Dear American programmmers: intentionally misspelling words like "déjà vu", "cliché" and "über" is NOT an excuse for writing lousy code... ;-)
Great article, Joel.
Florian Häglsperger
Saturday, October 11, 2003
For those interested in the broader issue of writing code for an international audience, there's the excellent, albeit out of print, "Developing International Software" (Nadine Kano, MS Press).
www.amazon.com/exec/obidos/tg/detail/-/1556158408/
A 2nd edition is available, but I haven't read it:
www.amazon.com/exec/obidos/tg/detail/-/0735615837/
In one company where I worked and was looking in how to support Japanese and other Far-East languages, it was just easier to have developers read this instead of having to give them a class on the Japanese language :-)
Frederic Faure
Saturday, October 11, 2003
The references to ANSI are misleading. Microsoft used the magic word 'ANSI' to avoid having to explain why they'd created a completely incompatible and nonsensical encoding system. If you ask the people involved which ANSI standard their codes refer to they'll probably either laugh, or look uncomfortable and shuffle away.

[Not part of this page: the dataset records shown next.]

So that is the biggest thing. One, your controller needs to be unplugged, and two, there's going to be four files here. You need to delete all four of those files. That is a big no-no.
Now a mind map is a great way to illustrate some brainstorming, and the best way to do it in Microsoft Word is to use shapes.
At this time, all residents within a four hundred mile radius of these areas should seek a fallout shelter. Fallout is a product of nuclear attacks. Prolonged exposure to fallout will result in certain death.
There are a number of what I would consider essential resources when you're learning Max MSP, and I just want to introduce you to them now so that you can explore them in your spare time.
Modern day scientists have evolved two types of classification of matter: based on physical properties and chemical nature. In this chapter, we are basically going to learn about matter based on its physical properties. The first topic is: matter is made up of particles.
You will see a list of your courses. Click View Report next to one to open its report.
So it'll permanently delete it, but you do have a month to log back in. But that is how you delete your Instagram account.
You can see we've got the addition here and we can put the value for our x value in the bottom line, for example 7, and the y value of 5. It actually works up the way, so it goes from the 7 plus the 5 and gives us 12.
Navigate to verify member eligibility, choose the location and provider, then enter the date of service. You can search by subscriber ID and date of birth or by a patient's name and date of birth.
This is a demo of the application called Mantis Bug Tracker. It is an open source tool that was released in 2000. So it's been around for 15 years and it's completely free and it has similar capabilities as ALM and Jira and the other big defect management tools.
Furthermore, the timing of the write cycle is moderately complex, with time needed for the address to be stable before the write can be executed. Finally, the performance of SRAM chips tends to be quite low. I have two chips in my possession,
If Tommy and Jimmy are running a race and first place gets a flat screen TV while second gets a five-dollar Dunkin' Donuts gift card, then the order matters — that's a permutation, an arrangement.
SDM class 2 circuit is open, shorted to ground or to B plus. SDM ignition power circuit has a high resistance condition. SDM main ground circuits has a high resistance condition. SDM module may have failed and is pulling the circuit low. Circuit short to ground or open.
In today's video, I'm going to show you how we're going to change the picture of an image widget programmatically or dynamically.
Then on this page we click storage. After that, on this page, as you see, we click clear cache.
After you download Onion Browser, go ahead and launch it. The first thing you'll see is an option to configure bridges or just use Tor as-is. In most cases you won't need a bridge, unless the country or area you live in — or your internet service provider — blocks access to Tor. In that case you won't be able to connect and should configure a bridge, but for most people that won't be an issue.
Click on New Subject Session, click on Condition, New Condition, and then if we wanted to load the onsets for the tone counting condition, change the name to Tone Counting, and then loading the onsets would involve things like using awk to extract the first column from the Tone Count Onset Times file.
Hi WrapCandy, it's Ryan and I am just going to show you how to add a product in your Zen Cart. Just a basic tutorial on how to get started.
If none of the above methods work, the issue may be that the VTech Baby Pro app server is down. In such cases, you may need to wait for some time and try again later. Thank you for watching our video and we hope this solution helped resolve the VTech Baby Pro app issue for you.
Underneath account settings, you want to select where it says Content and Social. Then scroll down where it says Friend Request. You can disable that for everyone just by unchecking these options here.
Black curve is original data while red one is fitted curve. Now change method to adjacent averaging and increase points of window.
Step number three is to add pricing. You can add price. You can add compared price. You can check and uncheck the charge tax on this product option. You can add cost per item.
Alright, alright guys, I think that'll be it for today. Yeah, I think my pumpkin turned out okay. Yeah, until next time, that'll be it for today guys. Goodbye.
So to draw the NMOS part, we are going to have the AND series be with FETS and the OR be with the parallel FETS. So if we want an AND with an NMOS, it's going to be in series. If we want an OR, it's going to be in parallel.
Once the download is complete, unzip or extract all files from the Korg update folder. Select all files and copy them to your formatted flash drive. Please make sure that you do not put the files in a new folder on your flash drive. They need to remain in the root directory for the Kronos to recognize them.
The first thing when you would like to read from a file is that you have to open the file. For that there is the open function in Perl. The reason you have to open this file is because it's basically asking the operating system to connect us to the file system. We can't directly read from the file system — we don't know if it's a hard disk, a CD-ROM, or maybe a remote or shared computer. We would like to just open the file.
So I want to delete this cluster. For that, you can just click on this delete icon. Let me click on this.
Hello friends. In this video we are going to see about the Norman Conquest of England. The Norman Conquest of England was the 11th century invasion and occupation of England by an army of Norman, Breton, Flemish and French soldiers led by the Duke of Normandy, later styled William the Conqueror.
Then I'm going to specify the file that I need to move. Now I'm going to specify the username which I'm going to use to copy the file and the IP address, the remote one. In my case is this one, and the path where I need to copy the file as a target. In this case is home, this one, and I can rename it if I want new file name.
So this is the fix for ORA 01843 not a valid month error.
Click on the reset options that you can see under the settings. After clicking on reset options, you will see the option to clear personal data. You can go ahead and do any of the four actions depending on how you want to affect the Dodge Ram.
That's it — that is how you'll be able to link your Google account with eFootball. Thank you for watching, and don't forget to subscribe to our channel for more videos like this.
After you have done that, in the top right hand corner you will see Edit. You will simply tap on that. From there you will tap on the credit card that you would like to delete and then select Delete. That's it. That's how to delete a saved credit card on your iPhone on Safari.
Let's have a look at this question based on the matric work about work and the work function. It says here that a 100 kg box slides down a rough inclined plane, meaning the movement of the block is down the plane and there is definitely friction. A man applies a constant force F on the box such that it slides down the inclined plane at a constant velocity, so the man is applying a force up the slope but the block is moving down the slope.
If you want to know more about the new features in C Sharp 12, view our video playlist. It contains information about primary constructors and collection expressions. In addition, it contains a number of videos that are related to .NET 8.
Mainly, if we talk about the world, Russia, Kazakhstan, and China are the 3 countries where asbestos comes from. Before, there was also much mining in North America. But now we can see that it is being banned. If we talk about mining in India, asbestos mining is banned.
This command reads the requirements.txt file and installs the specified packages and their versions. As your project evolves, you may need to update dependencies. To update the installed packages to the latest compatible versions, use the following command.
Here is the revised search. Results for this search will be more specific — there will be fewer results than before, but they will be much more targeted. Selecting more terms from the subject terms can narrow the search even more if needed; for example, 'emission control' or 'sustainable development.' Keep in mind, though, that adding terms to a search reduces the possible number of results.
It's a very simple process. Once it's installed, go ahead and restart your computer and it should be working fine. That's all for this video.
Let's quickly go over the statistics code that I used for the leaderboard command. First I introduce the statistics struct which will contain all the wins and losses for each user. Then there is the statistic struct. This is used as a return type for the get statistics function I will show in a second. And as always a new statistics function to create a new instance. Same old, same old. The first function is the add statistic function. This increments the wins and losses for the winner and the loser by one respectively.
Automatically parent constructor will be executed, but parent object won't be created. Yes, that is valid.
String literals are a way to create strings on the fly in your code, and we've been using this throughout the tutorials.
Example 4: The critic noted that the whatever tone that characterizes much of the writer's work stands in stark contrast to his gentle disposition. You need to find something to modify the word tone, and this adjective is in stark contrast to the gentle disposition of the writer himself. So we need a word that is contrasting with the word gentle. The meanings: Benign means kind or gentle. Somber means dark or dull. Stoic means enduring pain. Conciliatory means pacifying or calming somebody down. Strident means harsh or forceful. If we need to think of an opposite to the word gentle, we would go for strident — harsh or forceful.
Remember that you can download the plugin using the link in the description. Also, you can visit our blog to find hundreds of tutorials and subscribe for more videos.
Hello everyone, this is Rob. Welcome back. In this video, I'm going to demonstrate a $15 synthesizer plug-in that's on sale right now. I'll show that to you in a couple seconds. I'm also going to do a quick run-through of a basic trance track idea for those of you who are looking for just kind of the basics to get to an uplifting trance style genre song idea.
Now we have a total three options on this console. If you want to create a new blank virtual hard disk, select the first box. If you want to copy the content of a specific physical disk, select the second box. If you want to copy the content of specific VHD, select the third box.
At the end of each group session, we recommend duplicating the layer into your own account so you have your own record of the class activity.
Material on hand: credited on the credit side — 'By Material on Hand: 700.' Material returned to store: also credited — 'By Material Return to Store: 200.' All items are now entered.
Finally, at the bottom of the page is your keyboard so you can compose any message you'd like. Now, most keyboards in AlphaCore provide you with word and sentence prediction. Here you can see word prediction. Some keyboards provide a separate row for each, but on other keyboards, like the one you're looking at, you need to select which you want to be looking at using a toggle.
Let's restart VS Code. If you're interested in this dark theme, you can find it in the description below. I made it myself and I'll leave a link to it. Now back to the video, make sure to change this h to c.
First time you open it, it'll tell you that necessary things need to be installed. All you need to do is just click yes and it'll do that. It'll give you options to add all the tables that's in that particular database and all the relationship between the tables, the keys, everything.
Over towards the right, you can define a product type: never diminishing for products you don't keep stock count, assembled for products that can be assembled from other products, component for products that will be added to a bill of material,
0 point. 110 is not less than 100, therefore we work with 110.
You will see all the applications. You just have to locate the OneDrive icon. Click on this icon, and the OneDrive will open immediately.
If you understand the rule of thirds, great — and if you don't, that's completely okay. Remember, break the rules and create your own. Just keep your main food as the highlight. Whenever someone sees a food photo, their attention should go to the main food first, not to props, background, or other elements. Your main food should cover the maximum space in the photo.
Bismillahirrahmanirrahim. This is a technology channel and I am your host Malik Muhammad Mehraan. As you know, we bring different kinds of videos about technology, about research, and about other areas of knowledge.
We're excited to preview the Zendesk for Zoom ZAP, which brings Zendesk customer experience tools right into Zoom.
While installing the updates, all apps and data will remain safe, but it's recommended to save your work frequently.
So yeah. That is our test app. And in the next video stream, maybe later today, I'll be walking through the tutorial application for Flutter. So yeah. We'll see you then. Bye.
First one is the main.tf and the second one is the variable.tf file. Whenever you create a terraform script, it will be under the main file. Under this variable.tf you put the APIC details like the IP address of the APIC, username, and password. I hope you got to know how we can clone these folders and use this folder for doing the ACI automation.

So an “ANSI code page” means a “MS DOS code page” or a “MS Windows code page” (the two aren't even interchangeable) and indeed the Unicode consortium considers them to be vendor legacy encodings just like MacRoman.
The Tamil joelonsoftware is broken BTW. It claims to be UTF-8 but it's actually using a font-specific encoding and then re-encoding that as Latin-1 characters in UTF-8. The resulting documents might as well have been printed out and then scanned as bitmaps for all the practical use they are. Please do the Right Thing™
I believe the dual API approch to Unicode in Windows was a fundamental mistake. My gut feeling is that UCS-2 was a bad choice too, even before Unicode expanded beyond the BMP. As with LP64[*], it looks more and more as though Microsoft is suffering delayed complications from "shot in foot" disease.
[*] 32-bit Windows has the same basic C types as 32-bit Unix, but 64-bit Windows has different types from 64-bit Unix. As you can imagine, with a 10 year head start practically all the existing 64-bit C and C++ software is for Unix...
Nick Lamb
Sunday, October 12, 2003
I'm not sure about the Win32 Unicode API but the .NET Framework uses strings with UTF-16 encoding that do support multi-word characters, i.e. Unicode characters that use more than one System.Char of size 16 bit.
Granted, this brings us back to the situation where you can't use Char to (reliably) store any character, which is obviously not ideal, but .NET strings (if not chars) can indeed contain all Unicode code points.
And since System.Char is a separate data type it might get expanded to 32 bit at some point in the future, with full backwards compatibility to programs that don't use naughty typecasts.
Chris Nahr
Sunday, October 12, 2003
Joel,
In the article you say: "So far I've told you three ways of encoding Unicode. The traditional store-it-in-two-byte methods are called UCS-2 (because it has two bytes) or UTF-16 (because it has 16 bits) ...."
I'm not too experienced with character encodings, but it was to my understanding that UCS-2 and UTF-16 are not the same, and that UTF-16 is a 2-byte encoding for UCS-4. i.e., UTF-8:UCS-2::UTF-16:UCS-4. Is this not correct?